◆ **What you have to do**:
Please copy exactly the lines that run from the start of the entries to the line containing "PepsiCo Reduces Sodium", inclusive.
....
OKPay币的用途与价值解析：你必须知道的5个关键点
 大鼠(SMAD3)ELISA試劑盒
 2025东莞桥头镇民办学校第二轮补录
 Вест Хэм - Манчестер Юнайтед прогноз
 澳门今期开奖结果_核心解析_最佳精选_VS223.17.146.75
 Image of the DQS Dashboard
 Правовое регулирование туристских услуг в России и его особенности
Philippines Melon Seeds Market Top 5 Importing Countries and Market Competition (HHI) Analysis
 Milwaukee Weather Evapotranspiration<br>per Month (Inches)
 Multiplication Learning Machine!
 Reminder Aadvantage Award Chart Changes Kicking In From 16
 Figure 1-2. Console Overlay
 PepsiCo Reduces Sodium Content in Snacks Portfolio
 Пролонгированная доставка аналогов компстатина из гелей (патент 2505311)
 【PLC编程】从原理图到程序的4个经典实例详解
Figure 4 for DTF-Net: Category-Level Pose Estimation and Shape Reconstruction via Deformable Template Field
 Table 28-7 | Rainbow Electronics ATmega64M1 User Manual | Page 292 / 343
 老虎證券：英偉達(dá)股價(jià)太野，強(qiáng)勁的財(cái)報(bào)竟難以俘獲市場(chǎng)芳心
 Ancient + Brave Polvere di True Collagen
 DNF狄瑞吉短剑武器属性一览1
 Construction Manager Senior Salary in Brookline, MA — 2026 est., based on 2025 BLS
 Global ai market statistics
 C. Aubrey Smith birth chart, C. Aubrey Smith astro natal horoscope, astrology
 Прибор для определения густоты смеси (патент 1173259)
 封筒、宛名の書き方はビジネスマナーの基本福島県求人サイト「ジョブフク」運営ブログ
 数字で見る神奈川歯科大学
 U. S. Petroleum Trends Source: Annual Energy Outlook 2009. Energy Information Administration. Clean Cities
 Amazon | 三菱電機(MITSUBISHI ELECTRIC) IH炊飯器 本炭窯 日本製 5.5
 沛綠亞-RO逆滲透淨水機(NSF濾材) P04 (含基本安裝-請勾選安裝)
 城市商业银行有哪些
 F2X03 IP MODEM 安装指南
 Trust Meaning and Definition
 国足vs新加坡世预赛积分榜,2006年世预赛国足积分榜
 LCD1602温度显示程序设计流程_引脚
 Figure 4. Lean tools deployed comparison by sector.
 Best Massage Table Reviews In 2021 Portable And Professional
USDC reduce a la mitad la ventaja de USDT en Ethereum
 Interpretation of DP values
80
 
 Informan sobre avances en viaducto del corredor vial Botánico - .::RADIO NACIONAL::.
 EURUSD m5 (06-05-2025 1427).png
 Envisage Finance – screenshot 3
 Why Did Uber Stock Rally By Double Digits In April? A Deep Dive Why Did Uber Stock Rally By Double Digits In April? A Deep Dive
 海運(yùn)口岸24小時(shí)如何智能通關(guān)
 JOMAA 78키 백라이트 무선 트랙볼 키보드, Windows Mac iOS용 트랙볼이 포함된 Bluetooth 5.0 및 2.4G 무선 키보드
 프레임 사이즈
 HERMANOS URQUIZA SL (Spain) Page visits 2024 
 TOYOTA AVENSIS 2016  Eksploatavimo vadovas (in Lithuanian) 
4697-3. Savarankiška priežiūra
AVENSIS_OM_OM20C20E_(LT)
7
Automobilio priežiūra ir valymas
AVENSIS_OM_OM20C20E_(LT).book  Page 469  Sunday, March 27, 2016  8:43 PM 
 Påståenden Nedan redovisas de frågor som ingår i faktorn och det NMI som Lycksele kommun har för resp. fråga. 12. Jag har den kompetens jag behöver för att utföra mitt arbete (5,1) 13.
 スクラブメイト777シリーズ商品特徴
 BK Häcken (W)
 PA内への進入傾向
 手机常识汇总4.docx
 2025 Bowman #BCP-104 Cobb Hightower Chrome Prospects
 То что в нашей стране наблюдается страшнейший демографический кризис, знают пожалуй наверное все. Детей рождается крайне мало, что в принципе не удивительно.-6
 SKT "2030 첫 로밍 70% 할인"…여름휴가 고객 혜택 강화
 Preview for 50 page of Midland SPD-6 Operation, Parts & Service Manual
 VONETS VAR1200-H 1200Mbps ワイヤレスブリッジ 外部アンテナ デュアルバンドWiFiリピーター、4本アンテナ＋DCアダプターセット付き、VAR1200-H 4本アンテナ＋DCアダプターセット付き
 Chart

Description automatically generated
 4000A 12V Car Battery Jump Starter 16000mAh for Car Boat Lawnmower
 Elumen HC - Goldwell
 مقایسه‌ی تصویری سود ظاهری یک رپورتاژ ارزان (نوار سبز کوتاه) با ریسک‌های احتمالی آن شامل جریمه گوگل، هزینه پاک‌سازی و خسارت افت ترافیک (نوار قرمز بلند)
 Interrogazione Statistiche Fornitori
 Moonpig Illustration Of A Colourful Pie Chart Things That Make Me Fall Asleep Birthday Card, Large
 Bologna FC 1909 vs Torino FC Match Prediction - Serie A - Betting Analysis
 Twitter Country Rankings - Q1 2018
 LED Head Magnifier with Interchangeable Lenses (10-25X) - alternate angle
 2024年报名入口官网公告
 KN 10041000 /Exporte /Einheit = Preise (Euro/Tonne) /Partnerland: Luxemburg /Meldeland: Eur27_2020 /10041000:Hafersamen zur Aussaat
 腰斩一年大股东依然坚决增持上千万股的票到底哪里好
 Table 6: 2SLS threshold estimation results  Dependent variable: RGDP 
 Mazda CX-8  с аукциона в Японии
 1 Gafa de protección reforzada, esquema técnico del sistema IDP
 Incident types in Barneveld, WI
....
◆ **Answer to this task**:
OKPay币的用途与价值解析：你必须知道的5个关键点
 大鼠(SMAD3)ELISA試劑盒
 2025东莞桥头镇民办学校第二轮补录
 Вест Хэм - Манчестер Юнайтед прогноз
 澳门今期开奖结果_核心解析_最佳精选_VS223.17.146.75
 Image of the DQS Dashboard
 Правовое регулирование туристских услуг в России и его особенности
Philippines Melon Seeds Market Top 5 Importing Countries and Market Competition (HHI) Analysis
 Milwaukee Weather Evapotranspiration<br>per Month (Inches)
 Multiplication Learning Machine!
 Reminder Aadvantage Award Chart Changes Kicking In From 16
 Figure 1-2. Console Overlay
 PepsiCo Reduces Sodium Content in Snacks Portfolio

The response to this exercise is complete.